Each entry below needs to be retyped exactly as given.

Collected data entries
+---+
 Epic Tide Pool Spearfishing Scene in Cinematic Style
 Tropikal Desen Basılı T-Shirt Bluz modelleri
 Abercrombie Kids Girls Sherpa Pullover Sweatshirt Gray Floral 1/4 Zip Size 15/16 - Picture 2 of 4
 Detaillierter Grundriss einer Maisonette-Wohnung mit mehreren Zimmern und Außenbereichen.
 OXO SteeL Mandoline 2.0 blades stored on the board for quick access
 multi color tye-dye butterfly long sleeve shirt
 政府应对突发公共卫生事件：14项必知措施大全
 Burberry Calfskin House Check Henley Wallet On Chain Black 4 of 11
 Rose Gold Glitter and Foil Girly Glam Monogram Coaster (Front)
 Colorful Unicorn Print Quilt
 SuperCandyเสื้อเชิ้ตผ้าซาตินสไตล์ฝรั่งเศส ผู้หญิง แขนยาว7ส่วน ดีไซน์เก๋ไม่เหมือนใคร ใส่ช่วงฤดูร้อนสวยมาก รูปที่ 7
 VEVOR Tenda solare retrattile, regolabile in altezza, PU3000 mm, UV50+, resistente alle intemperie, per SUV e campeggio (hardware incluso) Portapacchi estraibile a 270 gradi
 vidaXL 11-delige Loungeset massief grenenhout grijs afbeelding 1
+---+
• [ANSWER TO THIS TASK]
 Epic Tide Pool Spearfishing Scene in Cinematic Style
 Tropikal Desen Basılı T-Shirt Bluz modelleri
 Abercrombie Kids Girls Sherpa Pullover Sweatshirt Gray Floral 1/4 Zip Size 15/16 - Picture 2 of 4
 Detaillierter Grundriss einer Maisonette-Wohnung mit mehreren Zimmern und Außenbereichen.
 OXO SteeL Mandoline 2.0 blades stored on the board for quick access
 multi color tye-dye butterfly long sleeve shirt
 政府应对突发公共卫生事件：14项必知措施大全
 Burberry Calfskin House Check Henley Wallet On Chain Black 4 of 11
 Rose Gold Glitter and Foil Girly Glam Monogram Coaster (Front)
 Colorful Unicorn Print Quilt
 SuperCandyเสื้อเชิ้ตผ้าซาตินสไตล์ฝรั่งเศส ผู้หญิง แขนยาว7ส่วน ดีไซน์เก๋ไม่เหมือนใคร ใส่ช่วงฤดูร้อนสวยมาก รูปที่ 7
 VEVOR Tenda solare retrattile, regolabile in altezza, PU3000 mm, UV50+, resistente alle intemperie, per SUV e campeggio (hardware incluso) Portapacchi estraibile a 270 gradi
 vidaXL 11-delige Loungeset massief grenenhout grijs afbeelding 1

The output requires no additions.